UNE GRANDE BOUTEILLE EN DEUIL





J'ai mis un crêpe noir

autour de son cadeau :

Léon est triste,

vraiment triste.


Madame Faller,

la maman,

nous a quittés.







Je ne vous jouerai pas le coup du "meilleur ami de la famille". Je n'ai jamais connu M. Faller père, Théo. Mais sa femme, que tout le monde semble appeler "Colette"

- moi je ne me le suis jamais permis - a fait jouer mes enfants avec ceux de Cathy sous le portique de la balançoire au Weinbach, les a fait manger des tartines à la confiture et du kouglof près du vieux poêle en fonte de la cuisine, peut-être même des crèpes, et m'a envoyé des lettres extrêmement compatissantes à un moment de ma vie où cela compte, de son écriture ferme et régulière, à l'encre noire indélébile de son porte-plume. C'est elle aussi, quelques années plus tard, me revoyant passer à Kaysersberg l'air plus réjoui, qui me demandait, à mi-voix: "Vous êtes heureux, maintenant?". 


Je ne représentais pourtant RIEN pour le prestigieux domaine, sur le plan commercial: quelques caisses de vin dans la voiture chaque année - et j'avais parfois l'impression de démarrer avec plus de bouteilles exceptionnelles offertes en sus que le petit nombre que j'avais effectivement payées, quelques lignes pour In Vino Veritas, quelques mentions lors de mes cours au CERIA. Non, chez Madame Faller, le donnant-donnant n'existait pas.

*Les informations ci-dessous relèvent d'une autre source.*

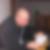 Profilbild von Reinhold Rosezin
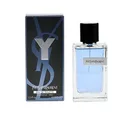 Produktbild: Yves Saint Laurent YSL Y 100ml Eau de Toilette Neu & OVP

Elle savait qui étaient les amis du Clos. Et j'étais du nombre.


Elle fut une des premières personnes à qui je me suis empressé de rendre visite

dès que j'eus eu deux-trois millésimes personnels à montrer. Oh, pas par orgueil ou vanité, non, en guise de remerciement, en guise d'hommage et aussi ... pour être jugé par elle. Ses sclères s'étaient opacifiées mais le même éclat toujours un peu nostalique et moqueur à la fois habitait ses yeux, et le même sourire l'illuminait. Elle avait l'âge de ma mère, à peu de choses près, et pourtant, je crois que j'étais un peu, comment dire ... amoureux d'elle, platoniquement et respectueusement. 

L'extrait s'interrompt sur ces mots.